A couple of times over the last year, I have described early stage research into the potential of helminths to prevent cancer?  File this post under the same heading:  the very beginning of a new area of research.

Sometimes it just hits me how much we don’t know. Today is one of those days.

The idea exists in the medical community that helminth colonization is associated with a greater risk of infection with HIV.  Certainly, the parts of the world where colonization with helminths is still the norm (the non-industrialized world) have much higher rates of HIV/AIDS.  And prior research shows, as just one example, that Schistosoma mansoni (SM), a kind of fluke common in the non-industrialized world, “… has been linked with an increased risk of HIV acquisition in women…. [In women uninfected with HIV] Schistosomiasis treatment induces a profound reduction of HIV entry into cervical and blood CD4+ T cells that is sustained for up to two months.”[i]
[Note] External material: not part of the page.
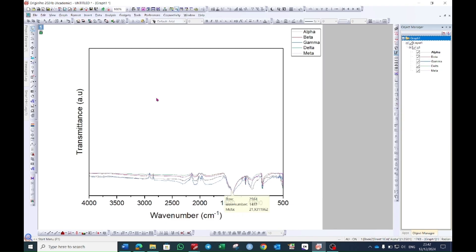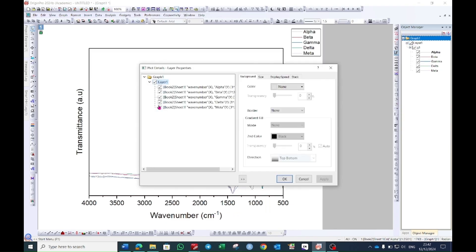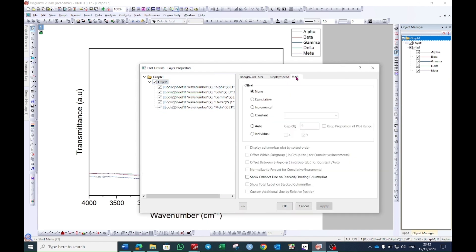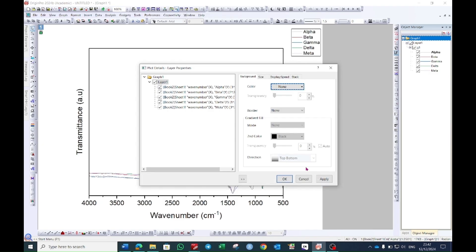Now double click here in this blank area. You will see a window will pop up with layer properties. Go to the stack option and here you will see individual. Select this one and make sure that y is selected. Then press ok.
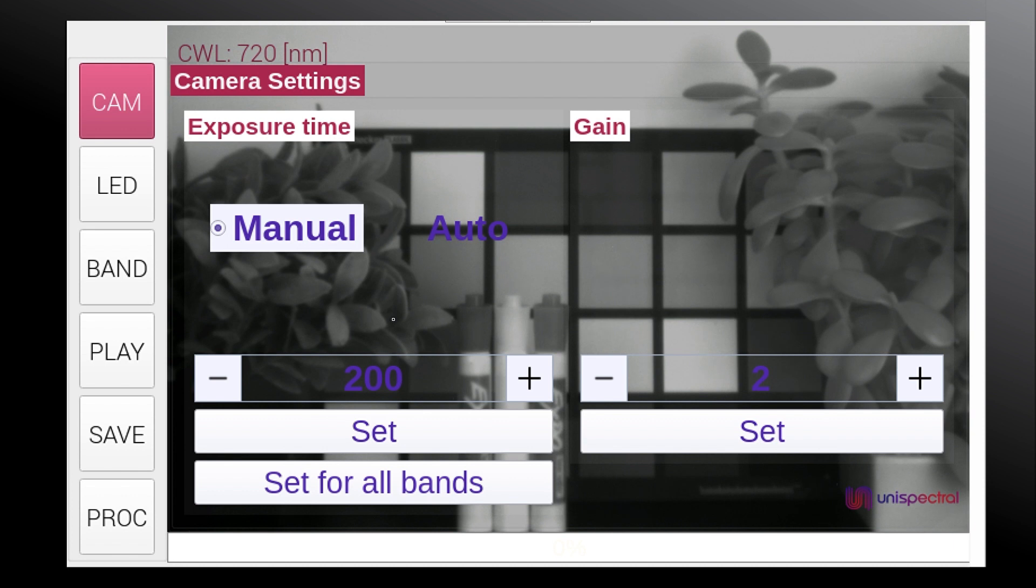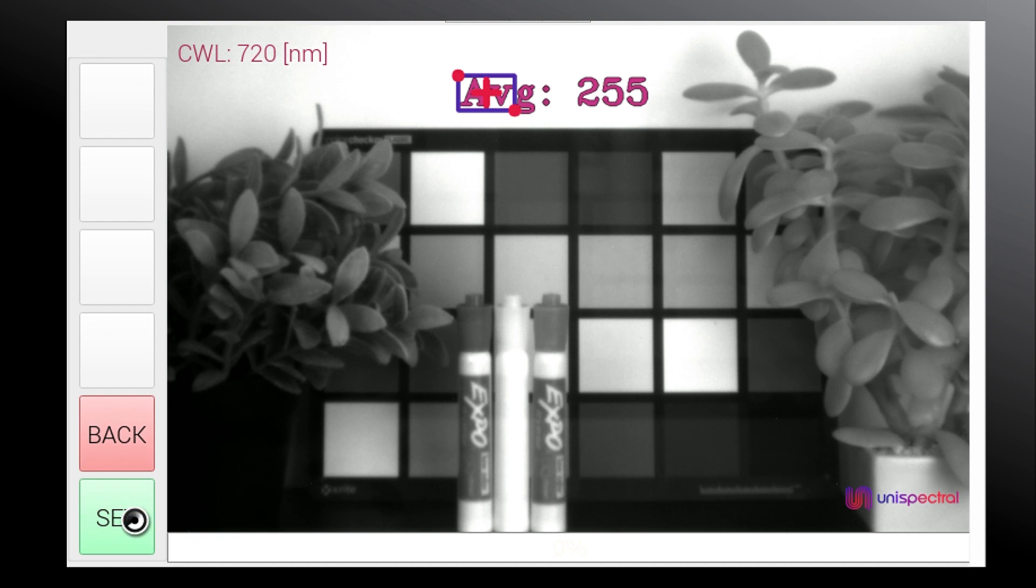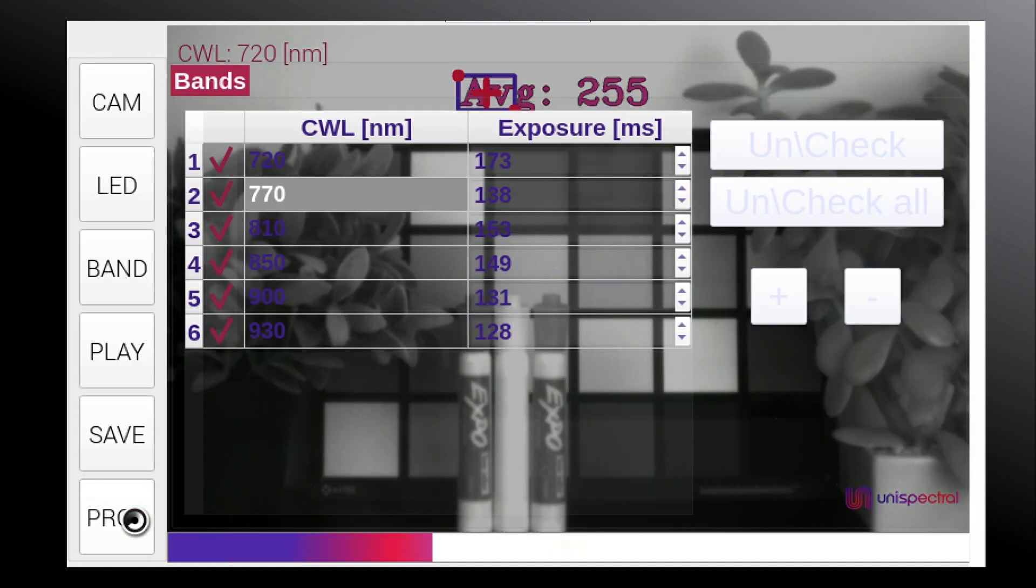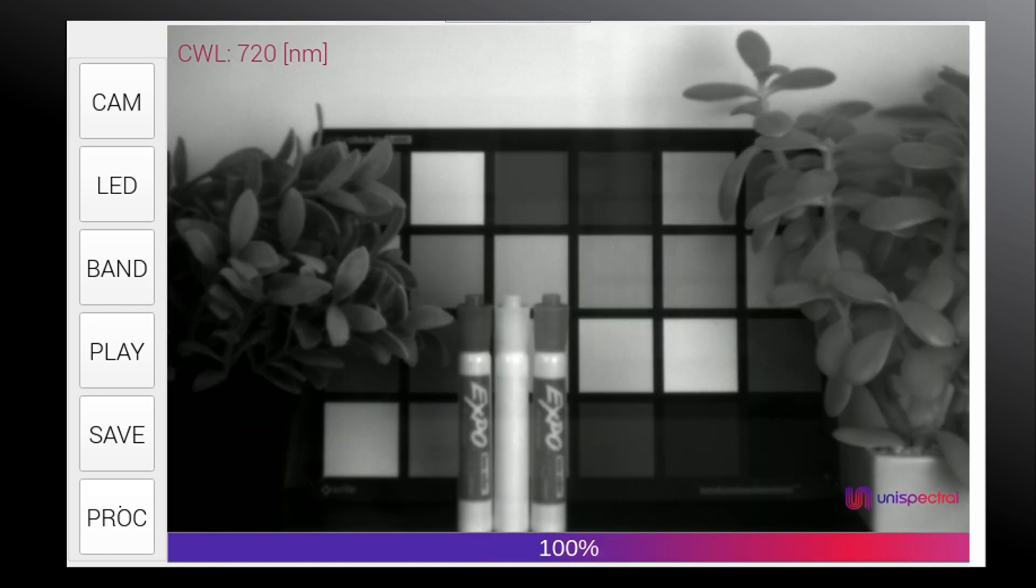If we choose the automatic setting, we need to choose a reference white target for illumination normalization. Once we press SET, the camera automatically sets the exposure time for each CWL to compensate for the illumination variance.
Many times over the years I have written about helminths (intestinal worms, which are the major component of the human macrobiome (which we have eradicated in the industrialized world)) so my regular readers are familiar with their remarkable immune modulating capabilities.  For those less familiar:  in order to survive in you, helminths modulate the immune system and inflammatory response. One of their main benefits is that they boost levels of regulatory cytokines, which modulate inflammation. They also modulate the activity of a kind of immune cell called CD4+ which is a kind of T-lymphocyte…which also happens to be the main  immune cell affected by HIV.

So logically, it makes perfect sense that the reduction of inflammation in the body predisposes us toward a greater likelihood of acute infection from viruses (like HIV) and bacteria.  After all, inflammation is our bodies’ natural response to fight infection.


“… many areas endemic for S. mansoni infection have high HIV-1 prevalence rates, indicating that co-infection is likely. However, clear epidemiological evidence to date is lacking for the assumption that treating S. mansoni in co-infected individuals would be beneficial for their HIV-1 disease, as studies have reported contradictory findings.”[ii]

And now, research just published in PLOS Pathogens has determined, through in vitro experimentation, that helminths  appear to reduce human susceptibility to HIV infection.[iii]

Researchers from Liverpool and Amsterdam found that an extract from the eggs of this same helminth, S. mansoni, blocked HIV transmission.  They discovered that the mechanism of action involves the binding of a component of the extract to dendritic (immune) cells, which ordinarily promote HIV infection.  In binding to the dendritic cells this way, the extract of the helminth eggs “…reduced the susceptibility of T-cells to HIV-1 infection.”  A second component of the helminth egg extract was also found to modulate HIV infection.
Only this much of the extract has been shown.